Opal is a variety of low-aromatic 91 RON petrol developed in 2005 by BP Australia to combat the rising use of gasoline as an inhalant in remote Indigenous Australian communities.

Though more expensive to produce, requiring a $0.33/litre Federal subsidy, a 2006 report found it would likely save at least $27 million per year when the social and health costs of petrol-sniffing were taken into account.

A 2010 senate report showed that the introduction of Opal in 106 communities across remote and regional Australia had led to a 70% drop in petrol sniffing in those communities.

Typical unleaded petrol contains 25% aromatics, such as toluene, ortho-xylene and para-xylene. In contrast, Opal contains only 5% aromatics, which means that it has less of the toluene and other solvents which produce the intoxication (or "high") that inhalant users are seeking. The Australian Government subsidises Opal's provision and restricts traditional unleaded petrol in some remote communities. According to BP, the lower volatile component in Opal means that cars using it are less prone to vapour lock.
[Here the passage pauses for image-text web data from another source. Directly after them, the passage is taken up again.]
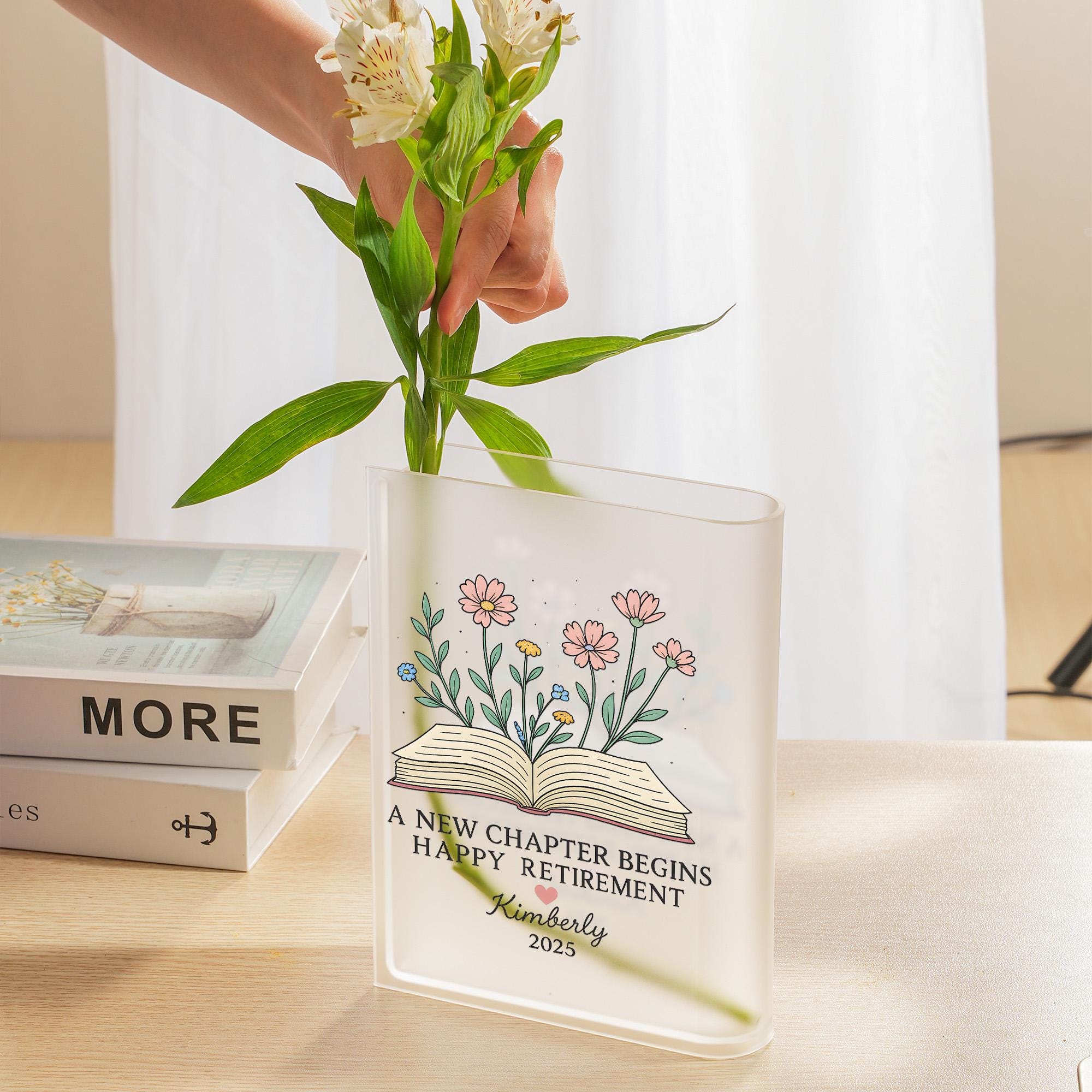 Custom Retirement Book Vase Gift, Personalized Floral Acrylic Vase with Name & Year, A New Chapter Begins Decor for Teacher or Coworker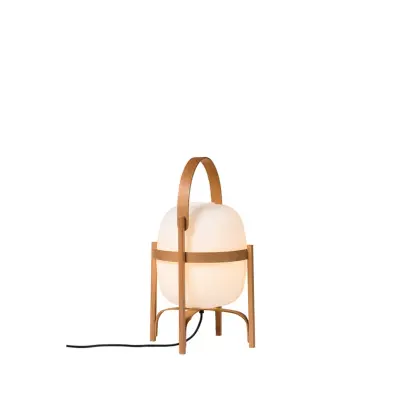 Santa&Cole - Cesta Bordslampa Wood/White Opal Glass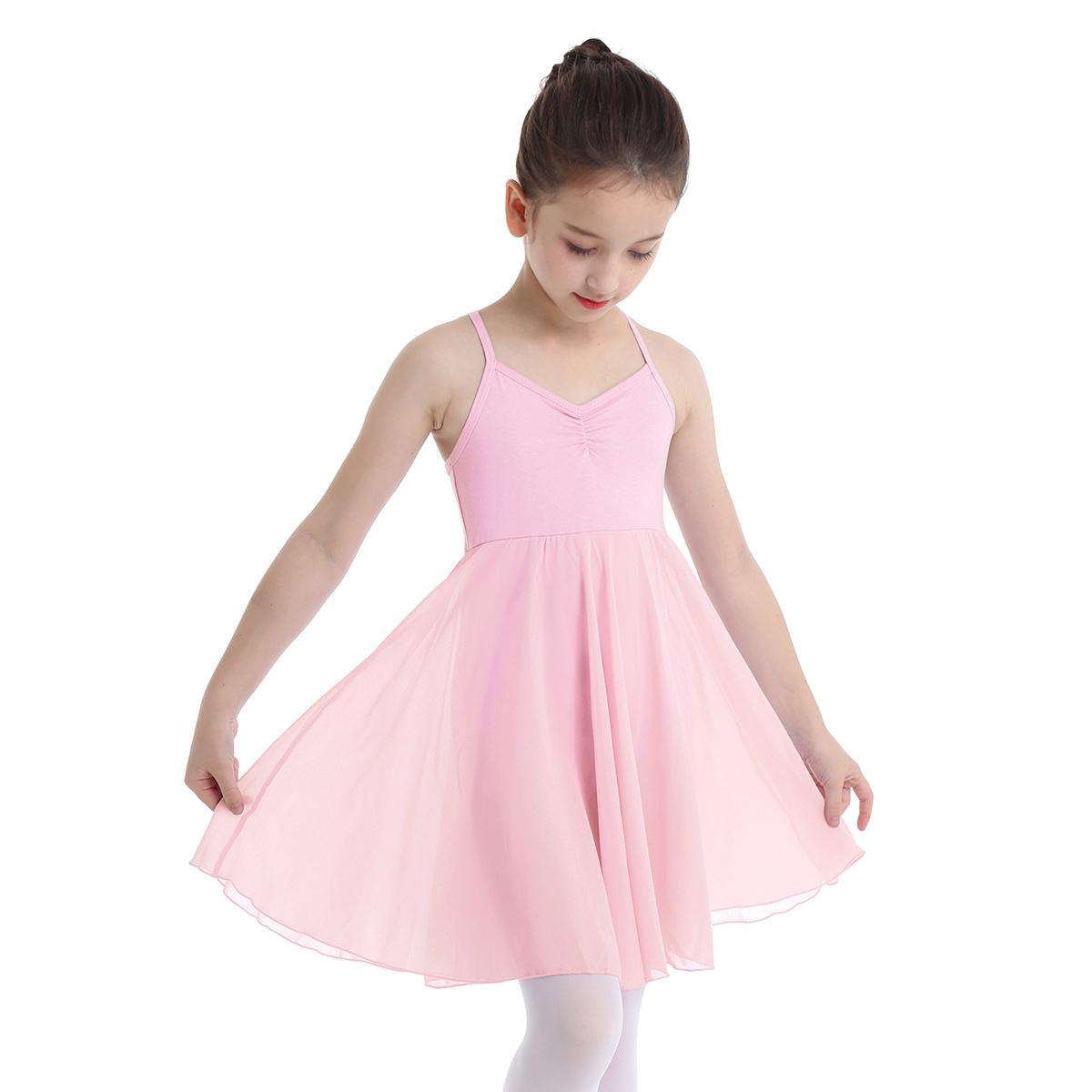 Kinder Mädchen Cross Back Leibchen Trikot Ballett Tutu Kleid Tanzkleidung Kostüme 7-8 Years rosa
Prior to the introduction of Opal, Comgas (a brand of the aviation fuel avgas) was used in many communities to discourage use of fuel as an inhalant. Unlike Opal, however, Comgas contains tetraethyllead (TEL), a poisonous substance that inhibits catalytic converters and is therefore banned for automobile use in most parts of the world especially after the discovery that it increased concentrations of lead particles over the entire earth, including the poles.